Top of Material provided

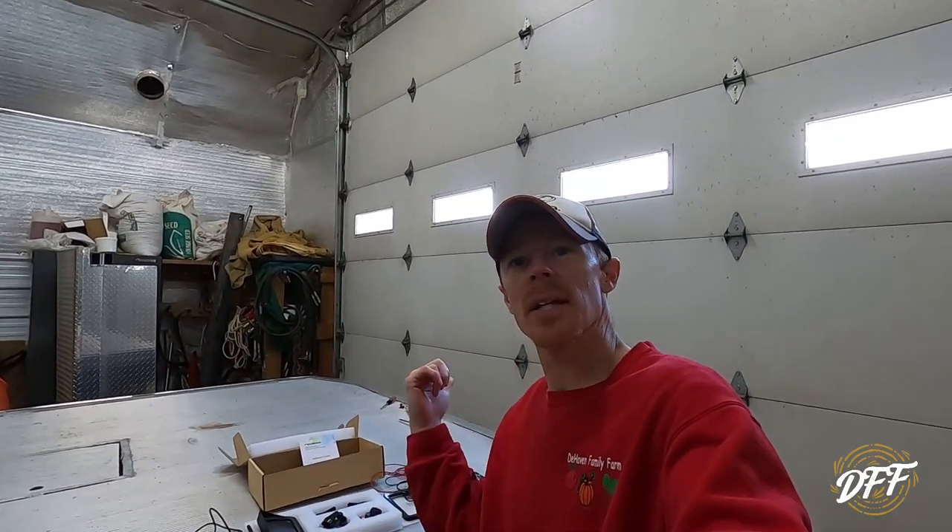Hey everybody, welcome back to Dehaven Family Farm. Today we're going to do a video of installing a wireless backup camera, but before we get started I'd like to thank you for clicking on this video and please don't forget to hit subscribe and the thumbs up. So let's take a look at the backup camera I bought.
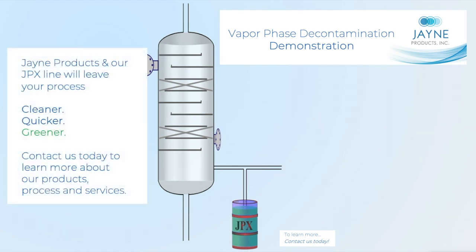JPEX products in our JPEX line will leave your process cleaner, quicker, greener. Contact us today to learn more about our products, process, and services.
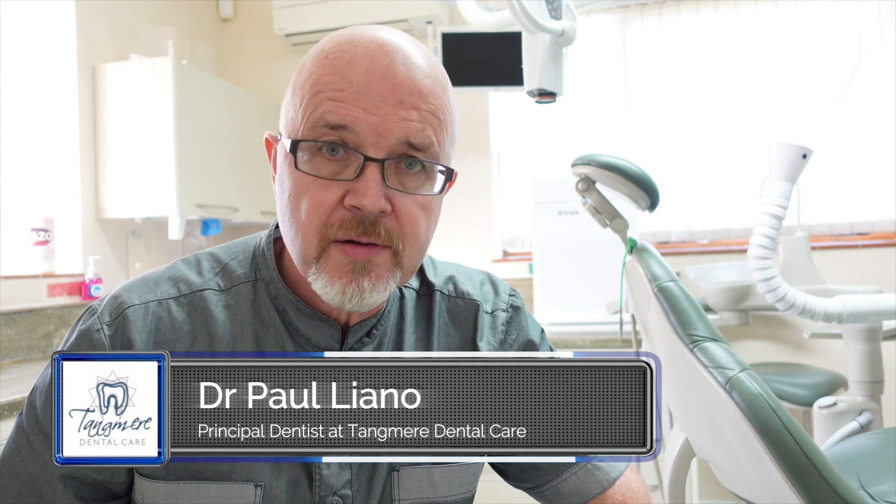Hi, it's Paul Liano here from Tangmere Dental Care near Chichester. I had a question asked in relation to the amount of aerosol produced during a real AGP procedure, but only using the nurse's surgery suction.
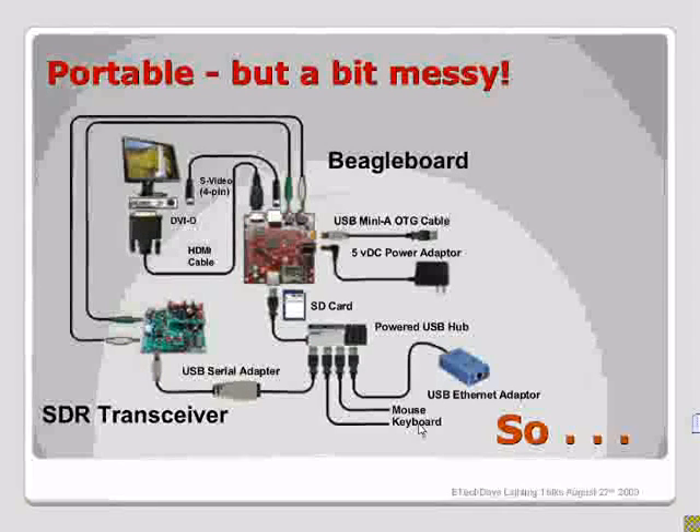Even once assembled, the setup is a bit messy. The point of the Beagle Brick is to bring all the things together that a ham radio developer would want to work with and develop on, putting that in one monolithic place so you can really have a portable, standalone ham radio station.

Bottom of Material provided

The lines from the one containing "JPEX products in" to the final line of the material, both ends included, should be retyped exactly and alone, with no pictures.

JPEX products in our JPEX line will leave your process cleaner, quicker, greener. Contact us today to learn more about our products, process, and services.
Hi, it's Paul Liano here from Tangmere Dental Care near Chichester. I had a question asked in relation to the amount of aerosol produced during a real AGP procedure, but only using the nurse's surgery suction.
Even once assembled, the setup is a bit messy. The point of the Beagle Brick is to bring all the things together that a ham radio developer would want to work with and develop on, putting that in one monolithic place so you can really have a portable, standalone ham radio station.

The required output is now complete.